→ Your objective
Print nothing but the lines below starting at the line that holds "Outdoor shot of" and ending at the line that holds "Metal cage and", including both, each exactly as written.

→ Excerpted records
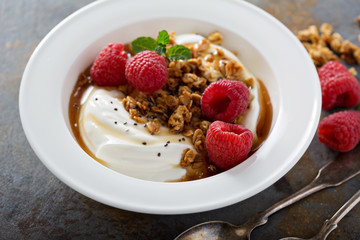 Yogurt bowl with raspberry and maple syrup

...

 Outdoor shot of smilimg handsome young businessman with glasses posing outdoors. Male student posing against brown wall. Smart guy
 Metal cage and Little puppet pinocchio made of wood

---

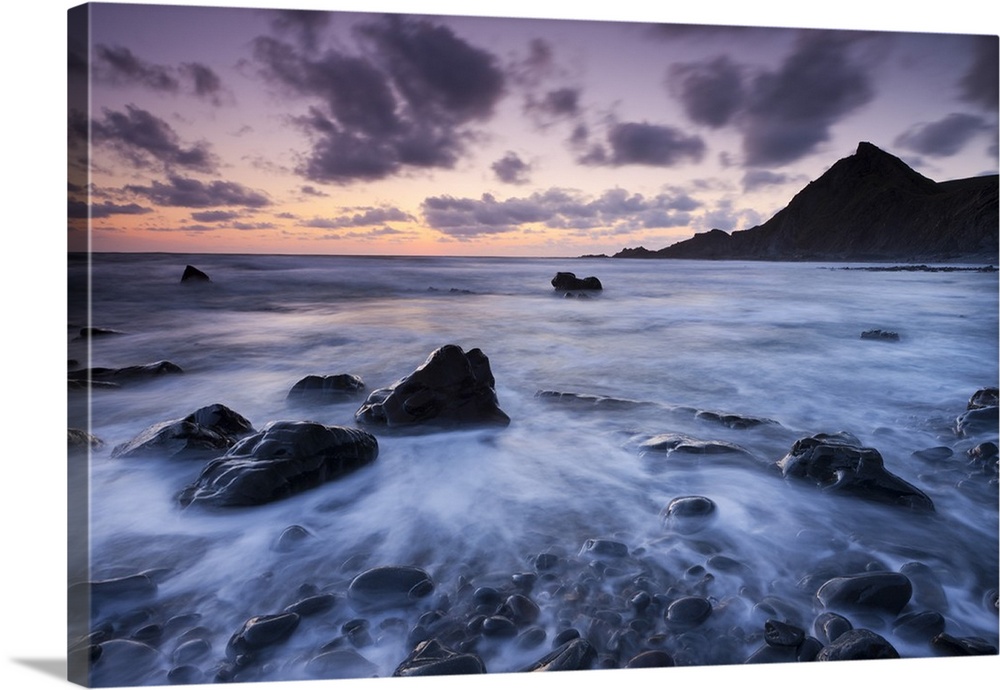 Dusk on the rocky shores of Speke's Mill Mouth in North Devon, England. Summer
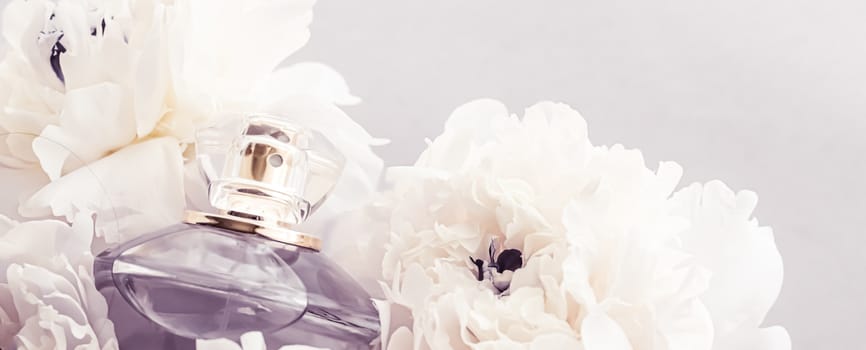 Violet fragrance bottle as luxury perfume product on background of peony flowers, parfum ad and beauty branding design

→ Answer to this task
 Outdoor shot of smilimg handsome young businessman with glasses posing outdoors. Male student posing against brown wall. Smart guy
 Metal cage and Little puppet pinocchio made of wood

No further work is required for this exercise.